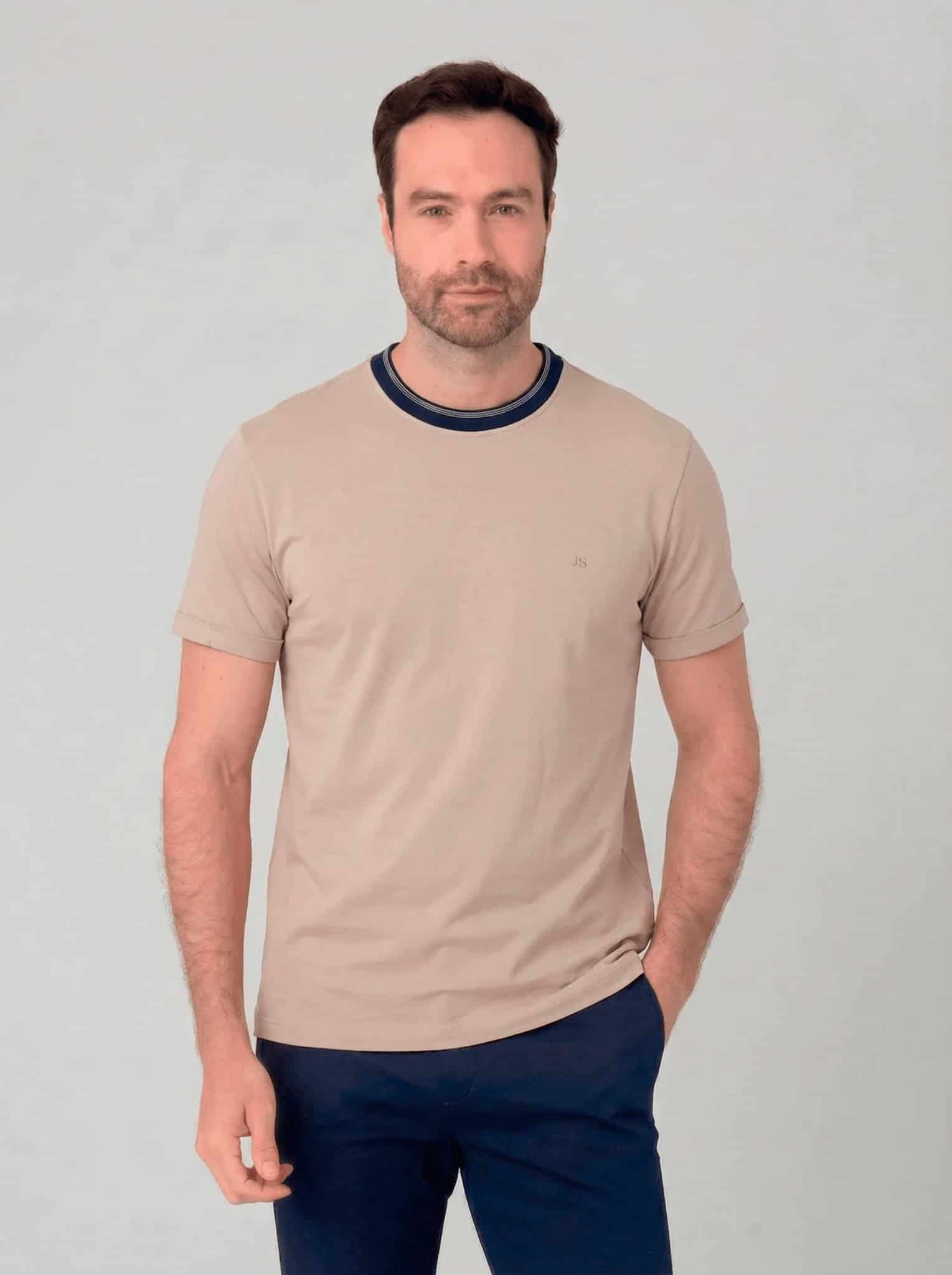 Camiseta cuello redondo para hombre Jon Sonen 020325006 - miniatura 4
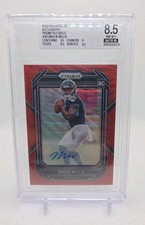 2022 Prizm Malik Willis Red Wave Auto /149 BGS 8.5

...

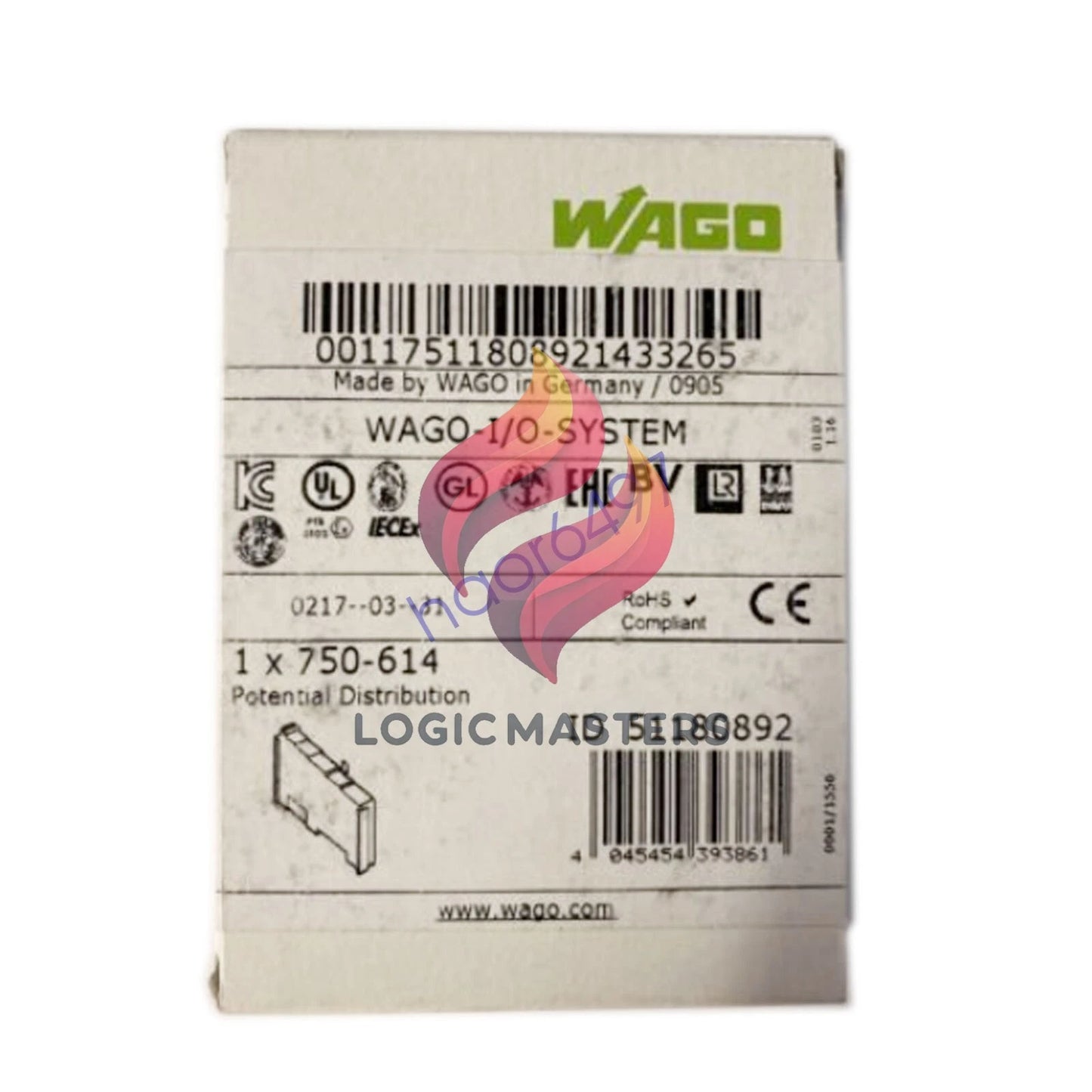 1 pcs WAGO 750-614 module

--

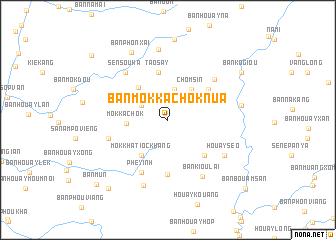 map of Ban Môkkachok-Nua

[Problem statement]
From the records above, extract the lines from the one holding "Camiseta cuello redondo" through the one holding "2022 Prizm Malik", word for word; omit the pictures.

[Exercise result]
 Camiseta cuello redondo para hombre Jon Sonen 020325006 - miniatura 4
 2022 Prizm Malik Willis Red Wave Auto /149 BGS 8.5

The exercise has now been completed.